*** Block opens ***

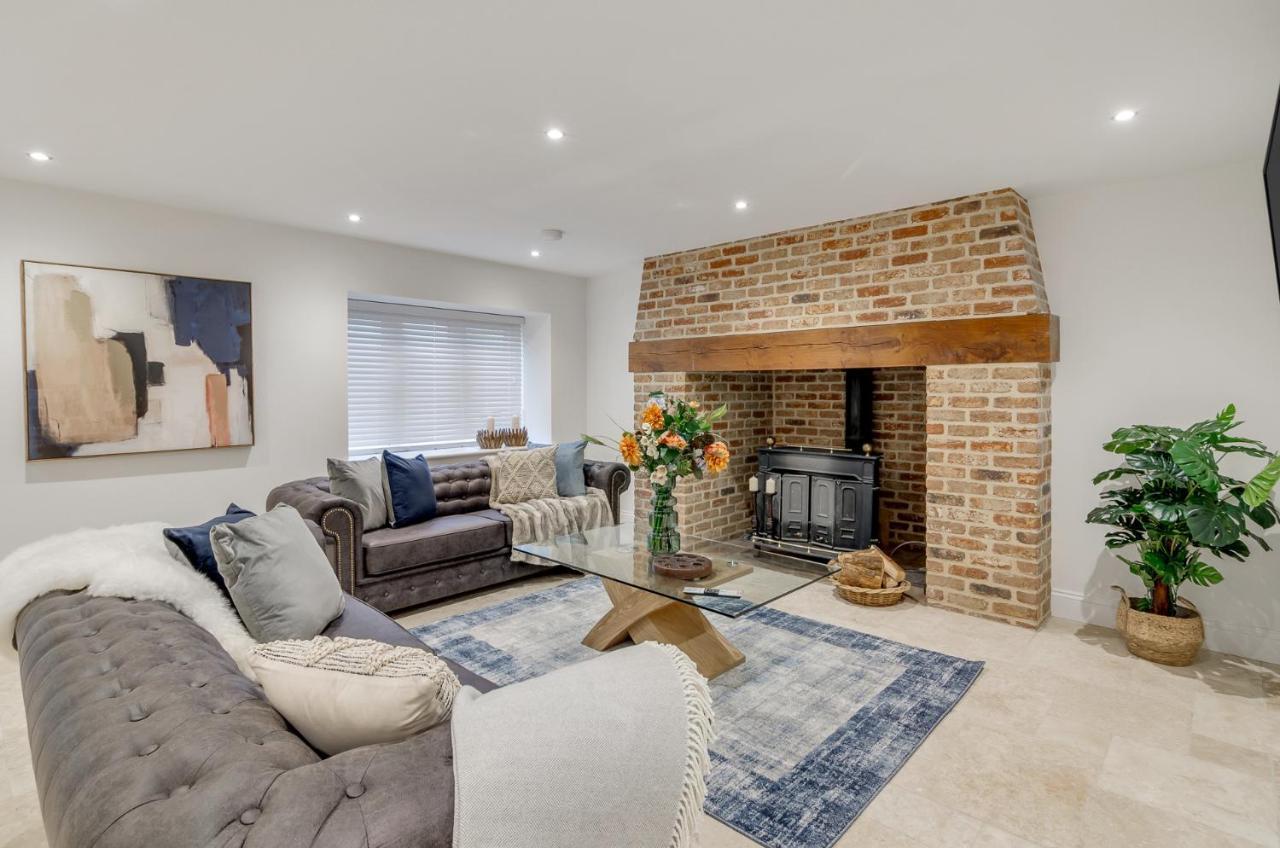 Spacious 6-Bed Home, Near The Norfolk Broads Clippesby Bagian luar foto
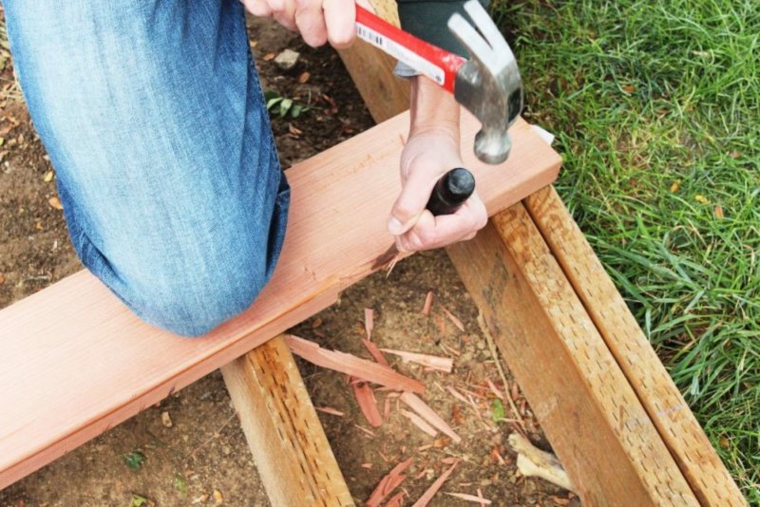 Instalar una plataforma de madera para el piso en sencillos pasos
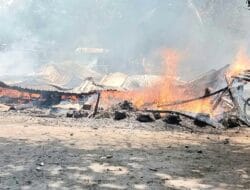 Ditinggal ke Kebun, Sebuah Rumah Warga di Nangahale Hangus Terbakar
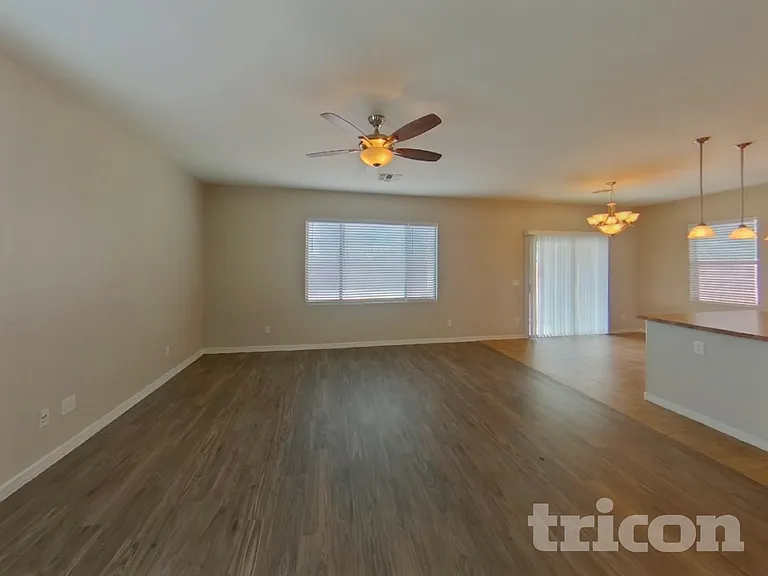 21338 N Denver Ct — Photo 4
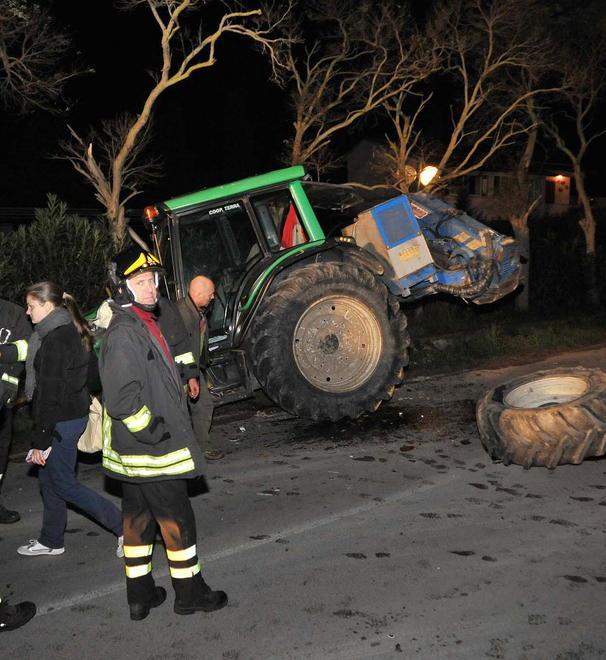 Automobile contro trattore Nessun ferito in modo grave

*** Block closes ***

- [Work request] Give back only the lines from the one that carries "Instalar una plataforma" through the final line above, both included. Drop all pictures.

- [Your solution]
 Instalar una plataforma de madera para el piso en sencillos pasos
 Ditinggal ke Kebun, Sebuah Rumah Warga di Nangahale Hangus Terbakar
 21338 N Denver Ct — Photo 4
 Automobile contro trattore Nessun ferito in modo grave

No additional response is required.